Appellate Division of the Supreme Court of New York, Fourth Department
Mar 19, 2004
5 A.D.3d 1085 (N.Y. App. Div. 2004)

Opinion

CA 03-02099.

Decided March 19, 2004.

Appeals from an order and judgment (one document) of the Supreme Court, Erie County (John F. O'Donnell, J.), entered March 19, 2003. The order and judgment denied defendants' motions for summary judgment dismissing the complaint in a personal injury action.

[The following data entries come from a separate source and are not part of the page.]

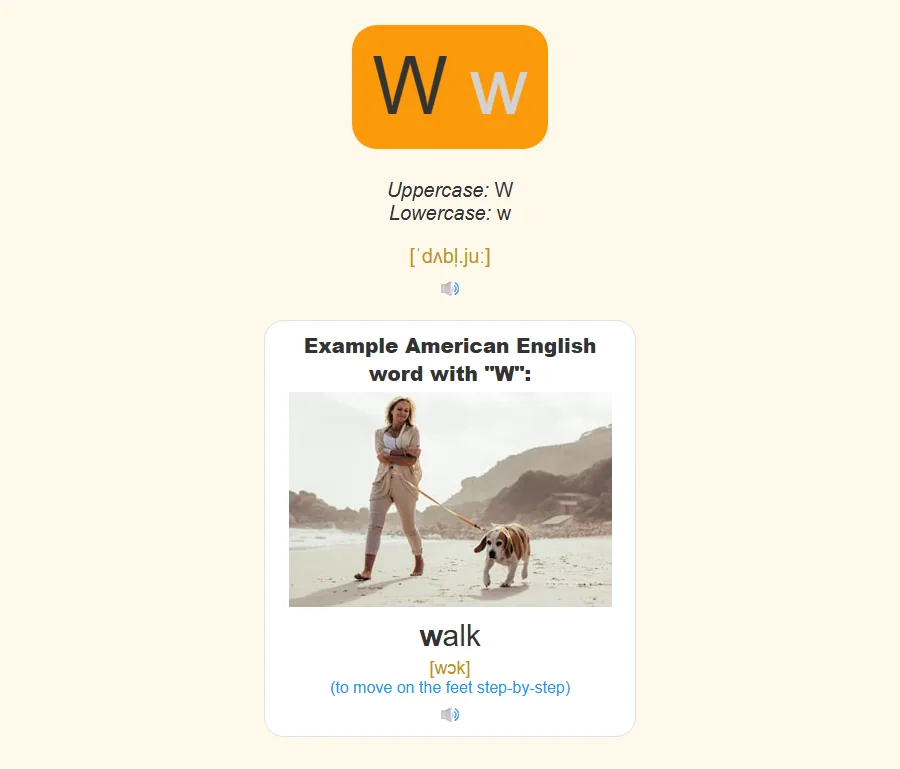 Back of flashcard — letter name, IPA transcription, and example word with audio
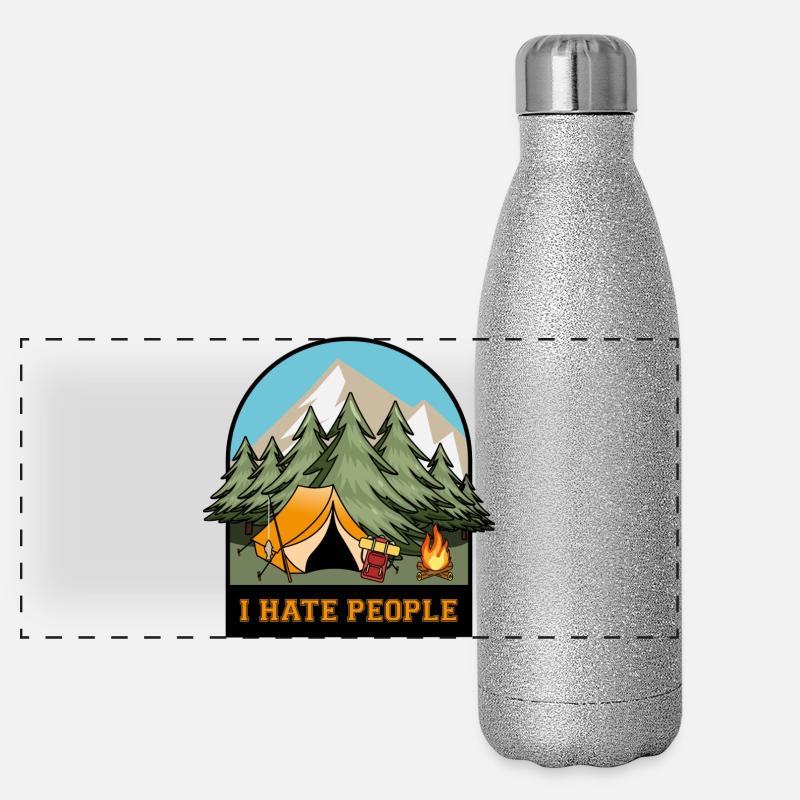 Ich hasse Menschen Panorama Glitzer Isolierflasche 500 ml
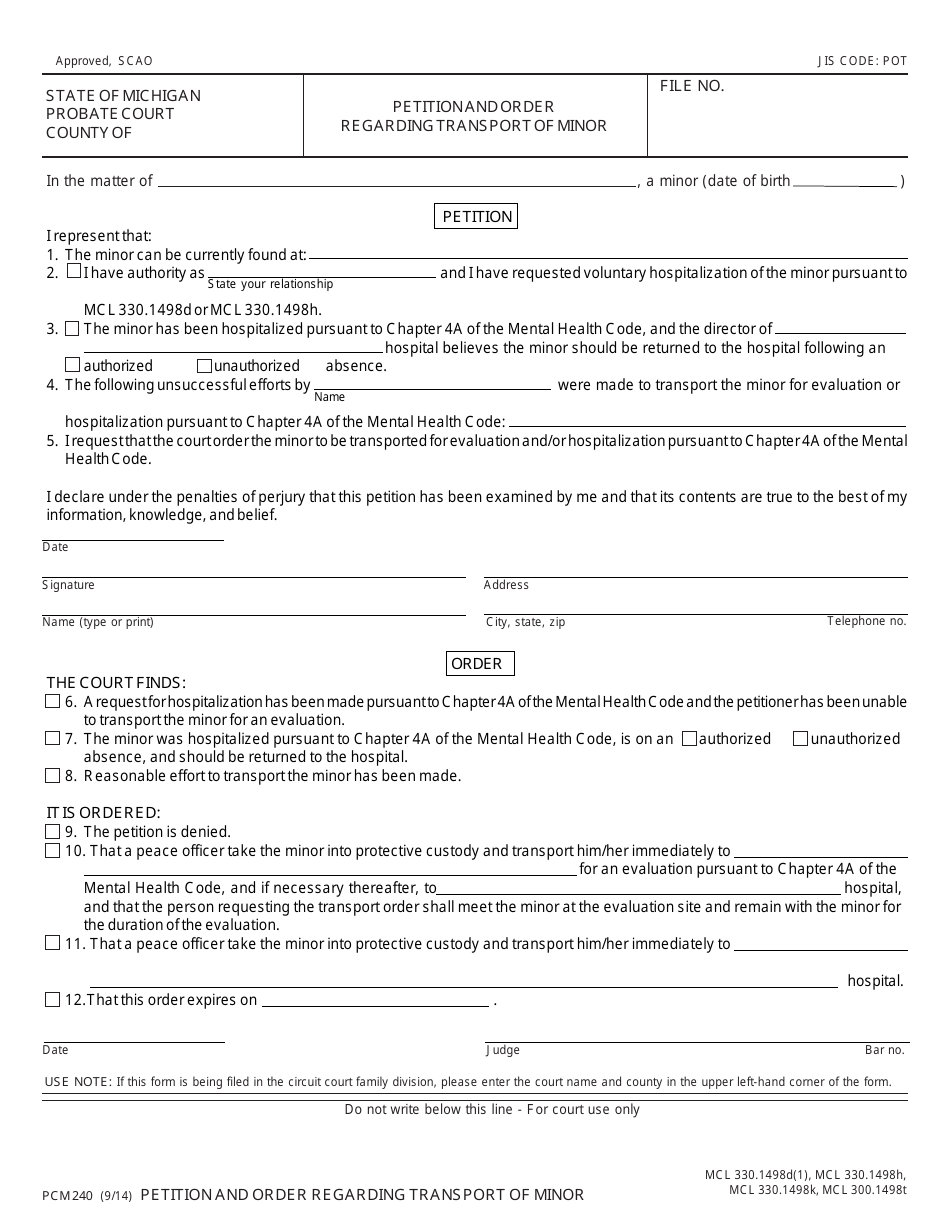 Form PCM240 Petition and Order Regarding Transport of Minor - Michigan, Page 1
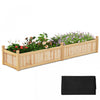 Costway En Bois Souleve Lit De Jardin Exterieur Rectangulaire Planter Boite Whth Trous De Drainage, Naturel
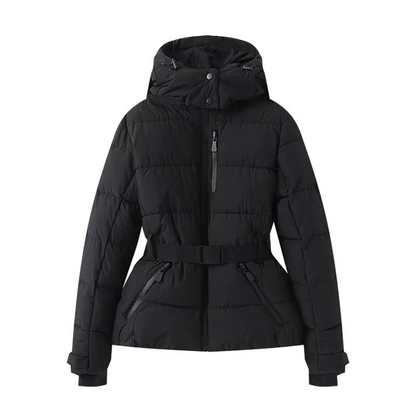 Women’s Winter Puffer Jacket | Belted Hooded Design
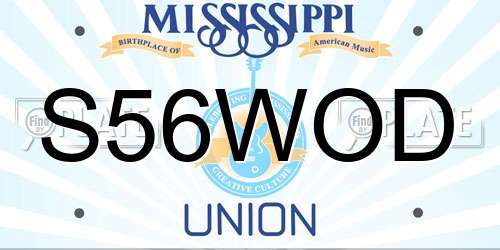 S56WOD Mississippi License Plate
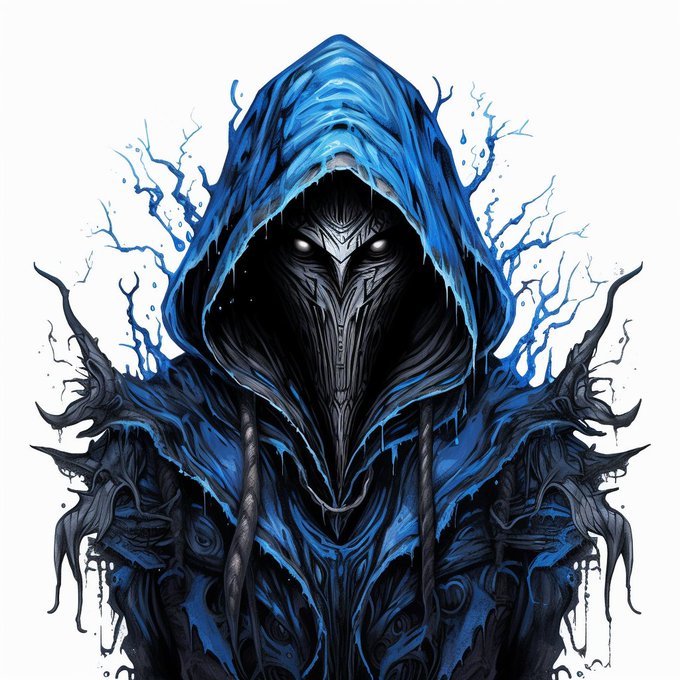 A digital illustration of a hooded figure in dark armor and a blue cloak with a mask featuring glowing white eyes, surrounded by blue lightning-like tendrils against a white background.
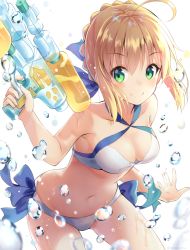 Rule 34 | 1girl, ahoge, armpits, artist name, artoria pendragon (all), artoria pendragon (fate), artoria pendragon (swimsuit archer) (fate), artoria pendragon (swimsuit archer) (first ascension) (fate), bare arms, bare shoulders, bikini, blonde hair, blue bow, blue ribbon, blurry, bow, braid, breasts, c:, cleavage, closed mouth, collarbone, cowboy shot, criss-cross halter, depth of field, eyebrows, fate/grand order, fate (series), green eyes, hair ribbon, halterneck, holding, looking at viewer, medium breasts, navel, nonono (nononotea), nononon, revision, ribbon, saber (fate), short hair, smile, solo, standing, stomach, swimsuit, water, water drop, water gun, wet, white bikini
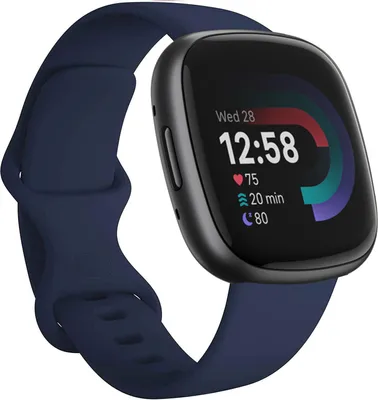Produktbild von Strap-it Fitbit Versa 4 Silikonarmband (Dunkelblau) - Große: Maat L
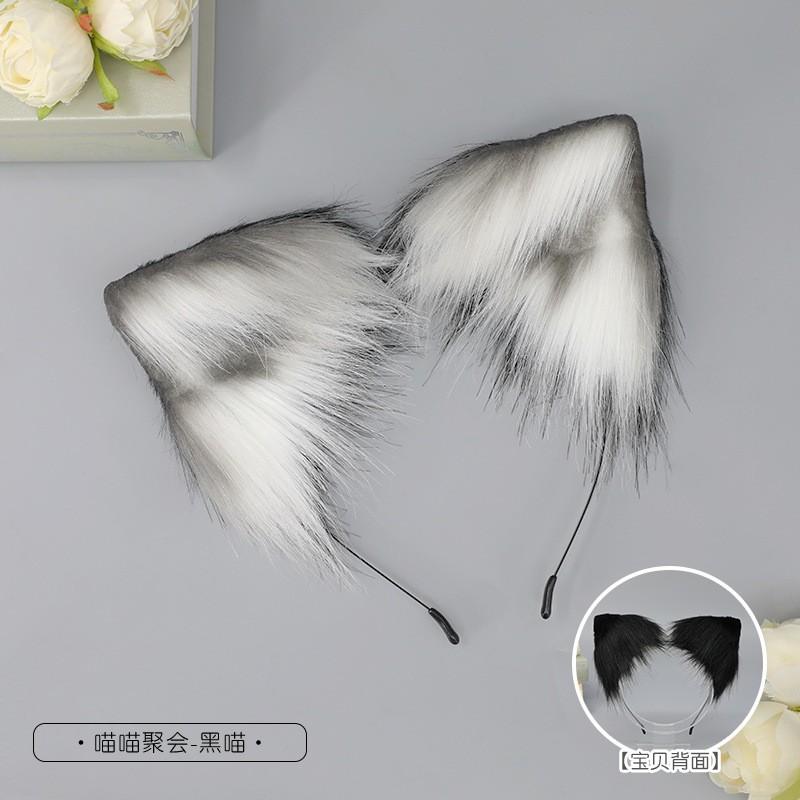 Handmade Plush Cat Ear Headband Cosplay Costume Accessory - Soft Furry Animal Ears Hair Hoop Anime Convention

ROE, SCHANTZ AND IACONO, BUFFALO (MITCHELL P. LENCZEWSKI OF COUNSEL), FOR DEFENDANTS-APPELLANTS LINDSAY P. GRAY AND SUSAN L. GRAY.

BOUVIER, O'CONNOR, LLP, BUFFALO (NORMAN E.S. GREENE OF COUNSEL), FOR DEFENDANT-APPELLANT SEAN C. KEEFE.

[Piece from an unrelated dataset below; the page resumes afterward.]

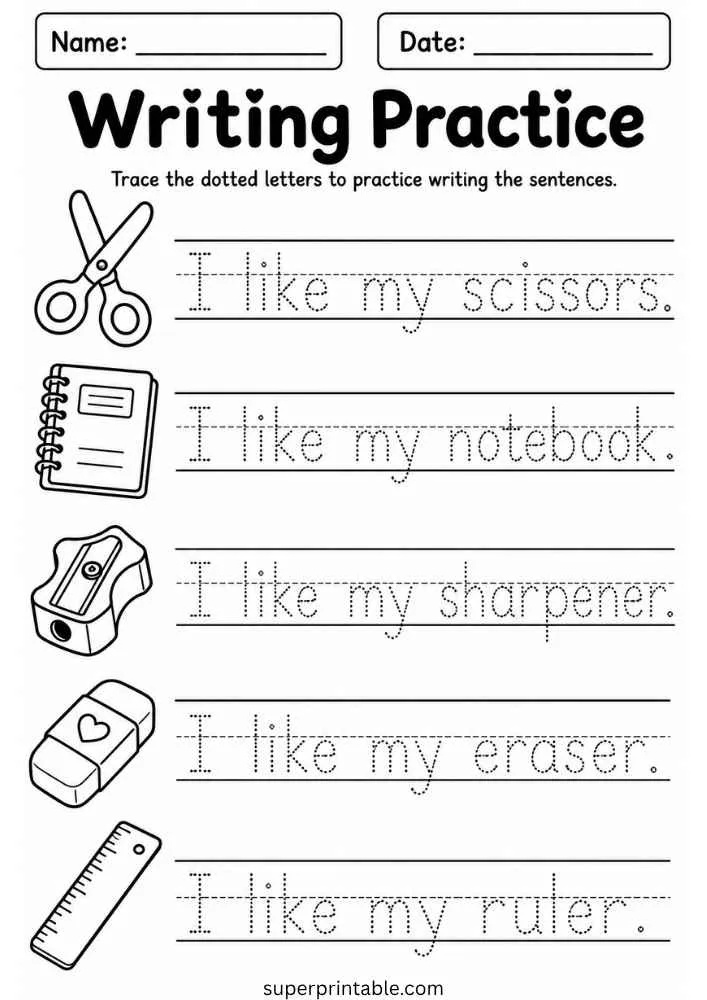 Writing worksheet with scissors, notebook, sharpener, eraser, and ruler sentence tracing.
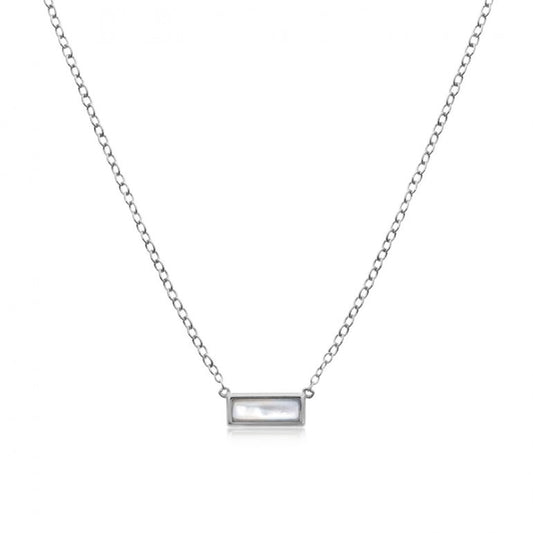 Sterling Silver Mother of Pearl Mini Bar Necklace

BARRY S. DOLGOFF, WILLIAMSON, FOR PLAINTIFF-RESPONDENT.

PRESENT: PINE, J.P., WISNER, SCUDDER, KEHOE, AND LAWTON, JJ.


MEMORANDUM AND ORDER

It is hereby ORDERED that the order and judgment so appealed from be and the same hereby is unanimously affirmed without costs.

Memorandum: Supreme Court properly denied the motions of defendants seeking summary judgment dismissing the complaint. Plaintiff commenced this action to recover damages for injuries he sustained when he was struck by a motor vehicle. Plaintiff was standing between two motor vehicles that had been involved in a minor traffic accident when one of the motor vehicles was rear-ended by a third motor vehicle operated by an unknown driver who fled the scene. Contrary to the contention of defendants, there is an issue of fact whether they were negligent in failing to remove their operable motor vehicles from the highway before the second accident occurred ( see Vehicle and Traffic Law § 1201 [a]; 8B N.Y. Jur 2d, Automobiles § 959; see also Shohet v. Sheehan, 238 A.D.2d 573; cf. Siegel v. Boedigheimer, 294 A.D.2d 560; Russo v. Sabella Bus Co., 275 A.D.2d 660).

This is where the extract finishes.